▶ **WORK REQUIRED**
For this exercise, output the entries below exactly from the line that holds "A view of traditional" to the line that holds "Back view of", both ends included. No pictures belong in the copy.

▶ **GIVEN DATA**
= = =
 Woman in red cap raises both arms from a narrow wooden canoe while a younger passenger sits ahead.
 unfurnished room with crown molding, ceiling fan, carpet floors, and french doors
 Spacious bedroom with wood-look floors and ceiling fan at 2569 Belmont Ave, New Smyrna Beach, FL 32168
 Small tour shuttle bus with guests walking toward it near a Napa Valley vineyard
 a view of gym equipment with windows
= = =
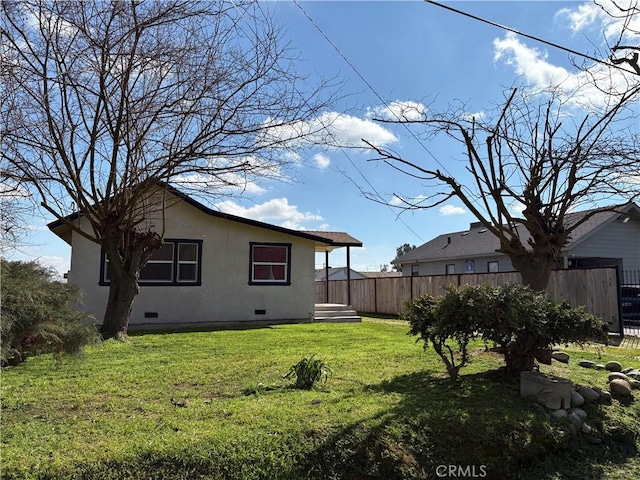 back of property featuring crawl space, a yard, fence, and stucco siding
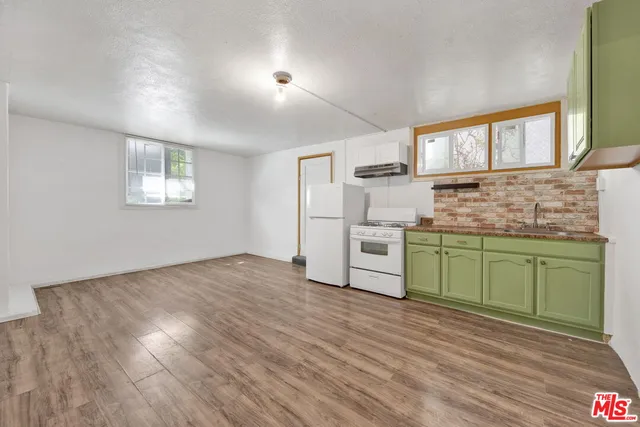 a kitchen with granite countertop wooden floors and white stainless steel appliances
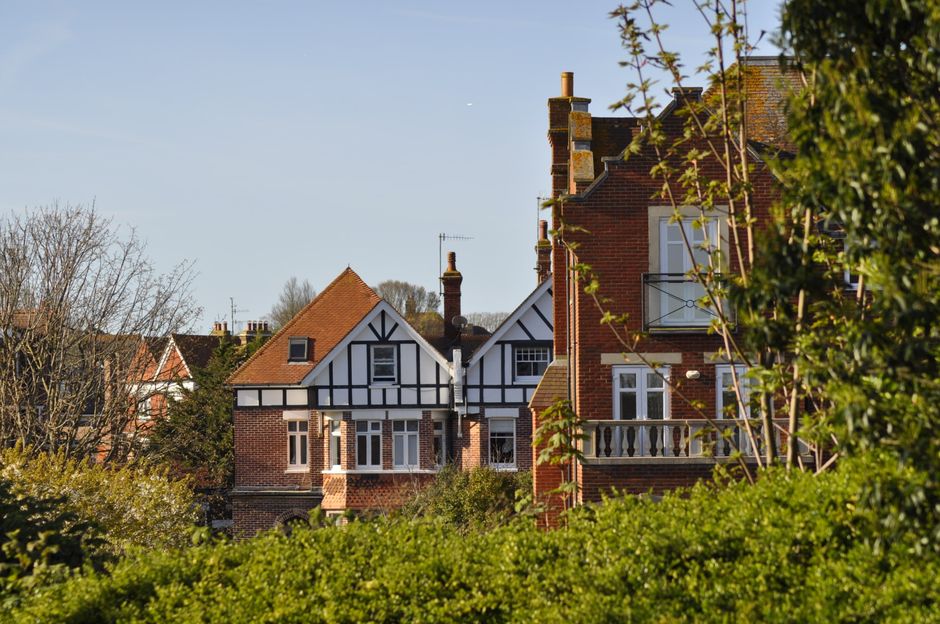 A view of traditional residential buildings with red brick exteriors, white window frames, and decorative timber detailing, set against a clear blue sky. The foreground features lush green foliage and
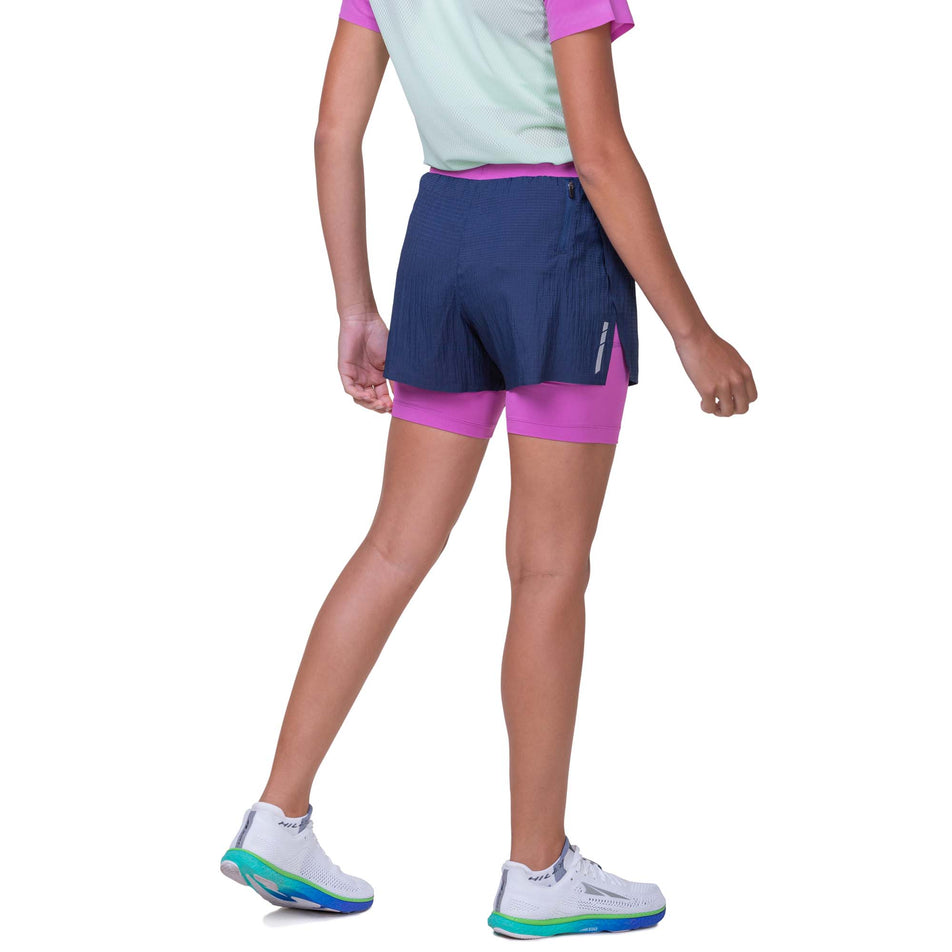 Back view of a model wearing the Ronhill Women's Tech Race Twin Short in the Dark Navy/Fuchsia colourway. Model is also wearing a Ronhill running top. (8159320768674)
= = =
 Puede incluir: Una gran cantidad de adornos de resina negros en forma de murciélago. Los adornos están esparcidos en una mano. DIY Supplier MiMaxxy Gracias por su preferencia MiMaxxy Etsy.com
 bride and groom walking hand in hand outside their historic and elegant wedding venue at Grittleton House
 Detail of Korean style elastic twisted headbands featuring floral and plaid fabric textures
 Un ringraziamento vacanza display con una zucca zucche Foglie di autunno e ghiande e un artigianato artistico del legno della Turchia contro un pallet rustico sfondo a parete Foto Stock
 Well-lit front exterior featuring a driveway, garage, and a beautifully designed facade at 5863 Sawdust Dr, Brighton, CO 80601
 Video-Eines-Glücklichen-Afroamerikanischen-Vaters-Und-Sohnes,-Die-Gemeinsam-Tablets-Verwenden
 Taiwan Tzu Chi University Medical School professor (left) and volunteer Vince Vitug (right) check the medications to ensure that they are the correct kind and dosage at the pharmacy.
= = =
▶ **RESULT OF THE EXERCISE**
 A view of traditional residential buildings with red brick exteriors, white window frames, and decorative timber detailing, set against a clear blue sky. The foreground features lush green foliage and
 Back view of a model wearing the Ronhill Women's Tech Race Twin Short in the Dark Navy/Fuchsia colourway. Model is also wearing a Ronhill running top. (8159320768674)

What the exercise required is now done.